Oh yeah. If no name, it ain’t a serious storm apparently. So, why commuting? Uh, your job? I remember living in McLean in the late 50’s. Thinking 59 IIRC. Dad had to go in to d.c., mom worked at the pentagon. Olds 88 rear wheel drive, no chains. I don’t recall them missing work because of snow.
I grew up in Detroit and never missed a single day at work due to weather. I now live near Baltimore. My first month there they shut the office down for three days due to snow. To be fair, it was lots and lots of snow but three days was a bit much.
One year early in my career, we had a national sales meeting. I was close enough that I didn’t rate a hotel room. There was a significant snowstorm coupled with a snowplow operator strike. Needless to say, the roads kinda sucked.
I left home at 4am and was still an hour late to the meeting, but that’s what you do.
We lived in snow country all our lives, and for decades 9nly had 2 wheel drive vehicles, and didn’t get time off. Some storms were bad enough that we had to wait for the snowplow to go through before we could get to the jobsites, and driving was miserable, near whiteout conditions with the winds that always crop up right at the end of storms, but we made it.
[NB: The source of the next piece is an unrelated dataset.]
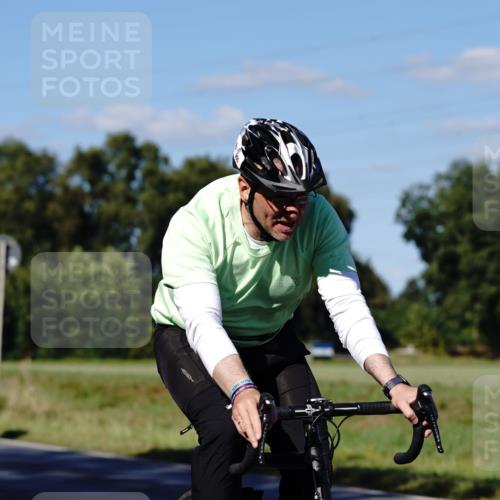 07.09.2025 - 19. Norderstedt Triathlon Michael Burmester http://msf.ph/oto/8841381 07.09.2025 15:25:24 Radfahren 425, 439, 905 meine-sportfotos.de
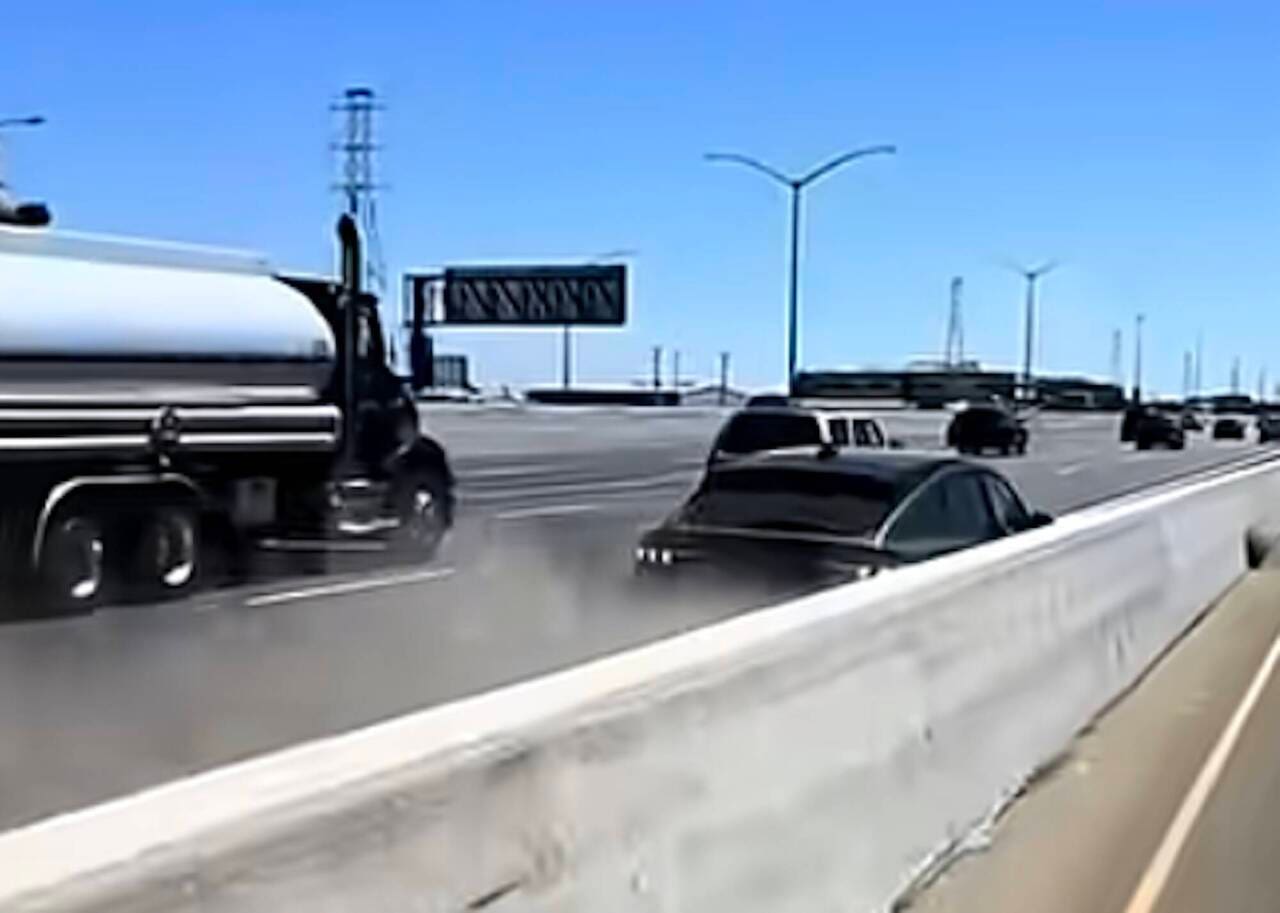 Fake Guida autonoma Mustang Mach-E che causa un incidente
Then we got a 4 wheel drive vehicle- heaven on earth! Could go most anywhere, BUT the downside was that IF you got stuck with it, you were really really stuck lol. We didn’t have cell phones back then either. We learned to carry shovels, sand both for weight and for traction, and an extra set of warm clothes incase we ever got stranded. Thankfully we never did- decades of perfectly safe traveling (though white knuckle traveling at times to be sure). There was no “work from home” options available then, nor should there be except for perhaps certain jobs I suppoxe now
The Great Blizzard of 1978 was a historic winter storm that struck the Ohio Valley and Great Lakes regions of the United States as well as Southern Ontario in Canada from Wednesday, January 25 through Friday, January 27, 1978. It is often cited as one of the most severe blizzards in US history.Didn’t think twice about it. Well, maybe once or twice when the road cuts were pretty full of snow. Buick Regal, no chains.
I got to work around 8 am and the parking lot was empty. “How weird is that?” I thought. I went into the building and the guard asked “What are you doing here? We are closed.”
A snow day for work? What the heck? I wasn’t a radio listener so I didn’t get the message about work closures. I’d just gotten back to HQ after some years working in western mountains in winter (Sierras, Cascades, White Mountains, Wind Rivers) and found out easterners are pansies in snow.
In the mid 70s I applied for a position in DC. I was working in North NJ. The panel date was set and off I went the day before to be there for the 9AM schedule. Seems there was this tropical storm that worked its way up the interior coastal regions. Yes it was windy in the 225mi drive. Yes it was raining. Still, got to my motel, got up dressed, caught a bus to DC, got to the building on Constitution Ave, stopped at the entrance by a guard who asked what are you doing here. I told him I was there for an appointment. He said, DC is closed due to the storm! I managed to drive more than 200 miles in the event and they closed the city because of rain storm. It was a mess even then.
“I don’t recall them missing work because of snow.”
It takes longer to clear the streets now, because the EPA has outlawed dumping of Street snow into the Watershed. Lakes, rivers, bays, fresh or salty.